I think you're doing the right thing now. With food you can redirect his attention to you. I live on a busy road and we have to cross it to get to the park. I make Elza sit at the curb and just wait there, sometimes longer so she can get used to the noise and shapes of all cars. I don't make her rush, I just stand there calmly and look at the cars and let the leash loose. Safely obviously but not tense so there is no bad energy goes through the lead. 
I don't really understand why can't you take your other dog too. A calm dog would help Boris to see that's ok to be around these things and nothing will happen. I think you could take them out together. Of course I'm no trainer but a calm "pack" could only help an anxious dog. 
Hope Boris will improve soon, good luck! :


----------



## hotmischief (Mar 11, 2012)

veifera said:


> Thinking out loud: is there any place you could take him to play safely in full view of traffic? Probably will take a bit to calm down but on the other hand it will give him good exposure and good vibe?

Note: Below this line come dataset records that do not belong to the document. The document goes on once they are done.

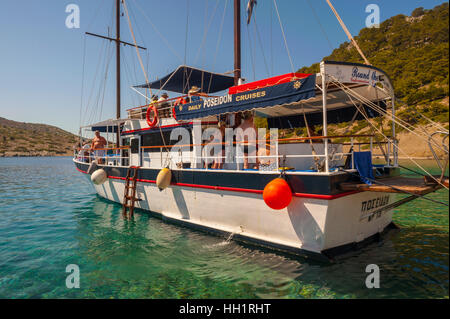 Le tour de l'île voile posideon amarrés sur l'île du monastère de Saint emilianos, sur la côte ouest de la Grèce Symi Banque D'Images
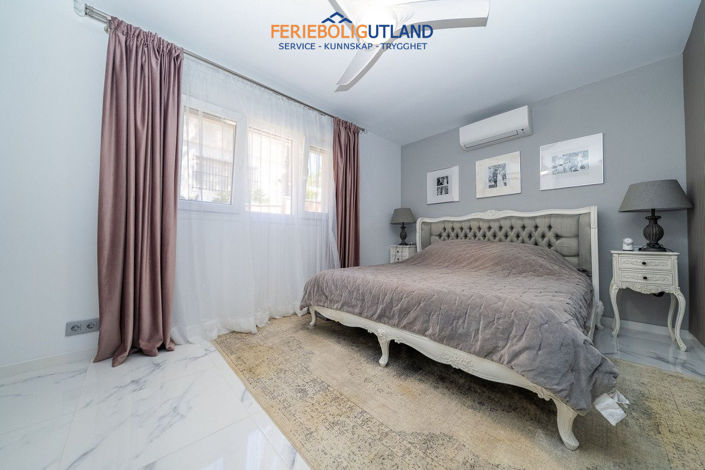 Image No.22-4 Bed Villa for sale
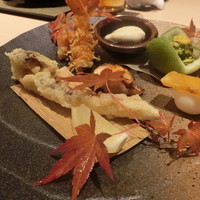 寿司と日本料理 銀座 一 - 前　菜　海老のみのむし揚げ 百合根唐墨 銀鱈柚庵焼 巨峰の白和え                菊花と法蓮草お浸し 松茸の天ぷらかぼす釜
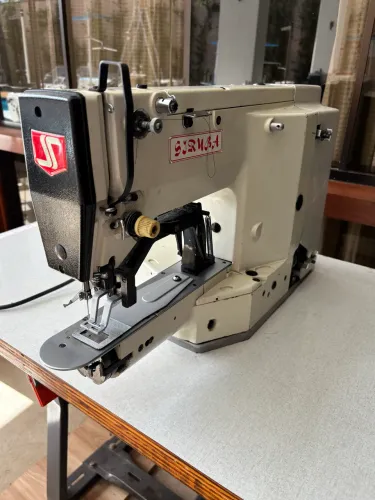 Máquina de costura Travete Siruba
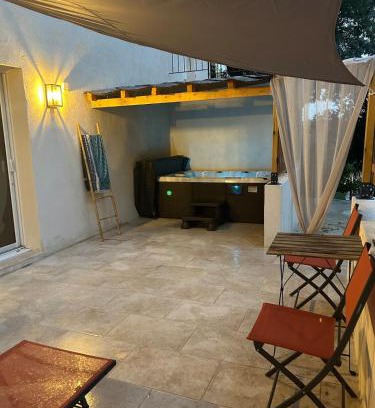 Aix-en-Provence Apartment | Suite jacuzzi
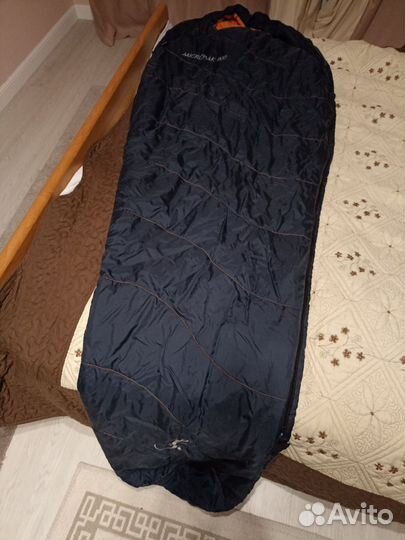 Универсальный спальный мешок Freetime micropak 900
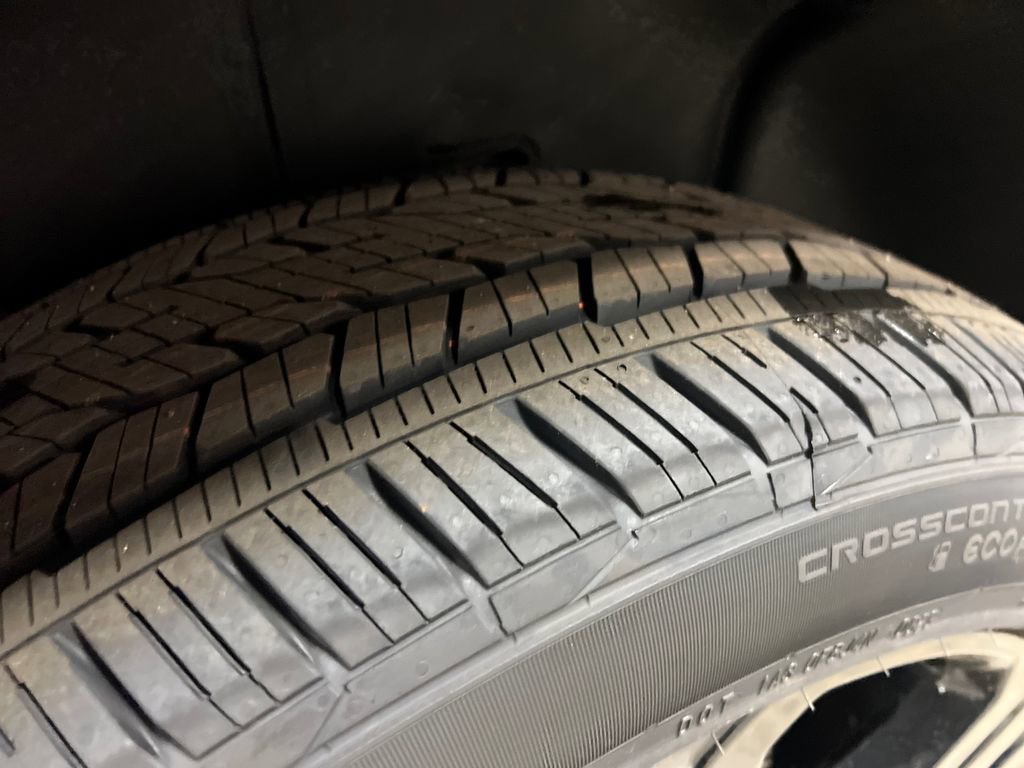 New 2026 GMC Acadia Elevation image 10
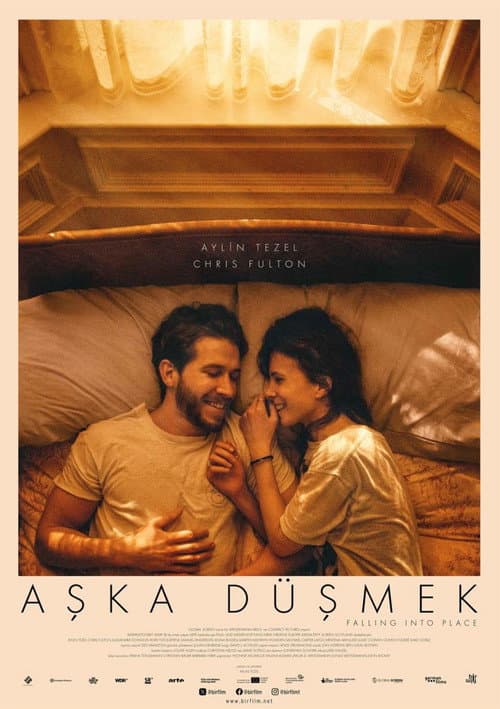 Aşka Düşmek afişi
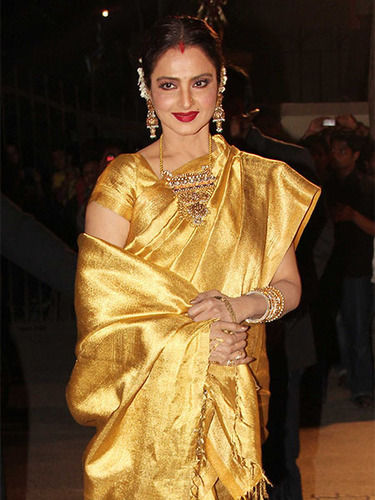 Black & Gold Zari Woven Kanjivaram Saree With Blouse – Bahuji - Online  Fashion & Lifestyle Store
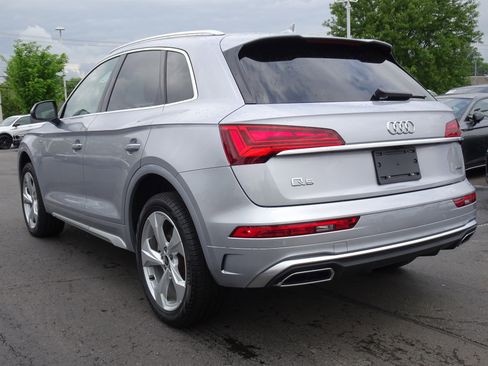 Certified 2025 Audi Q5 2.0T Premium Plus w/ Premium Plus Package AWD/4WD image 3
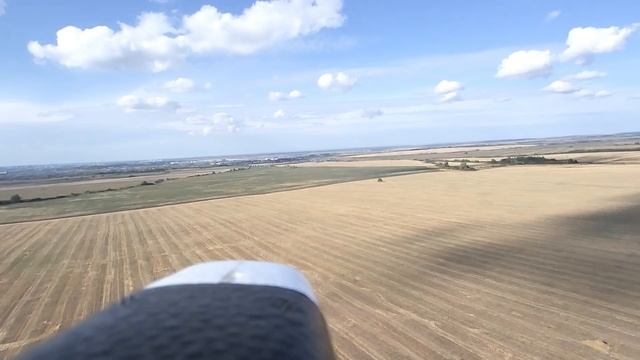 Полет ZOHD Drift с RunCam Thumb после обработки в Gyroflow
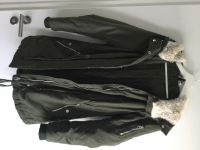 Winterjacke H&M Größe 32 grün mit Kapuze Bayern - Erlangen Vorschau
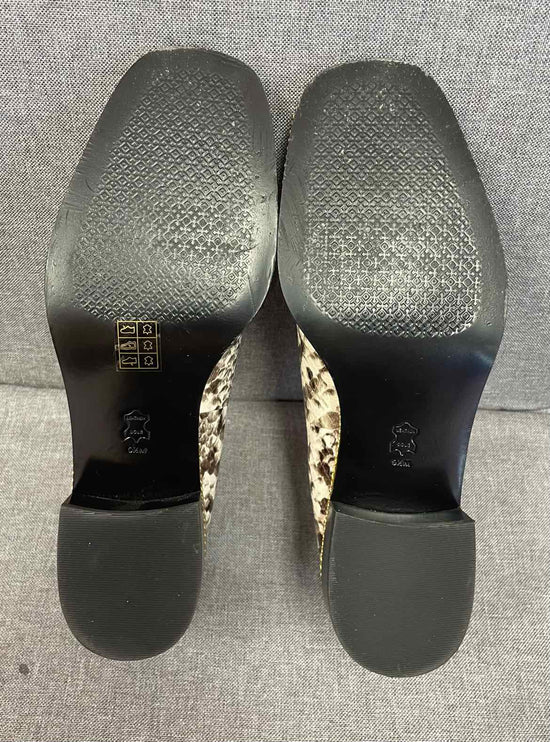 9.5 Tory Burch Shoes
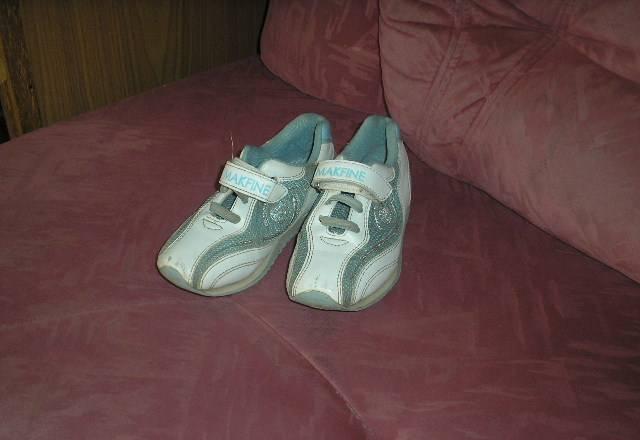 Кроссовки летние Москва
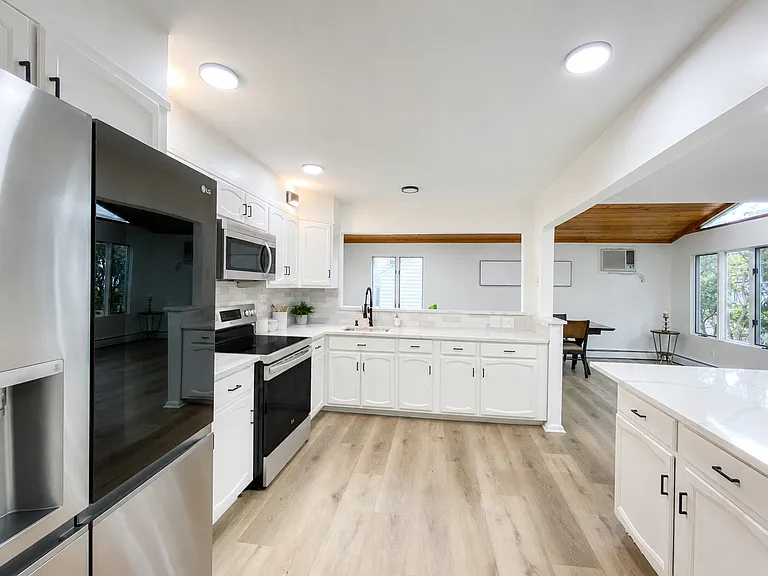 1 Herrick Dr — Photo 2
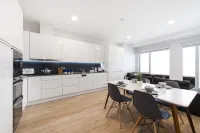 Yugo Explore - Kavanagh Court Hotels in 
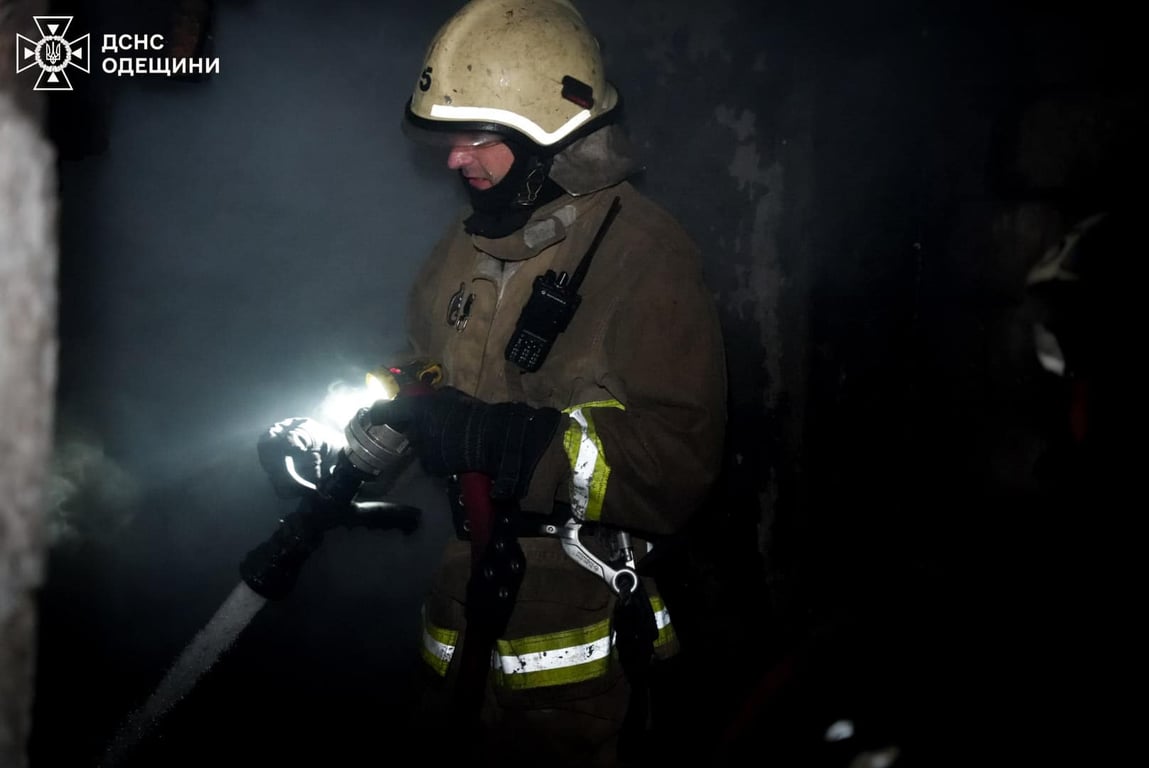 Пожар в Пересыпском районе Одессы — спасатели полтора часа боролись с огнем - фото 2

Unfortunately I can't think of anywhere he could play near traffic. I took both boys to the forrest last week and the car park backs onto a busy road. At 5:00 in the afternoon when we got back to the Jeep the road was very busy. He couldn't see the traffic at the back of the Jeep, just hear it and he was frantic, even with Fergus standing calmly beside him. He kept trying to jump into the jeep - it was awful to see how frightened he was. I think that day I realised that I had to try a different approach.

Adrino, I will try taking Fergus with me next time - it can't do any harm, and you never know it might do some good. ??? ???


----------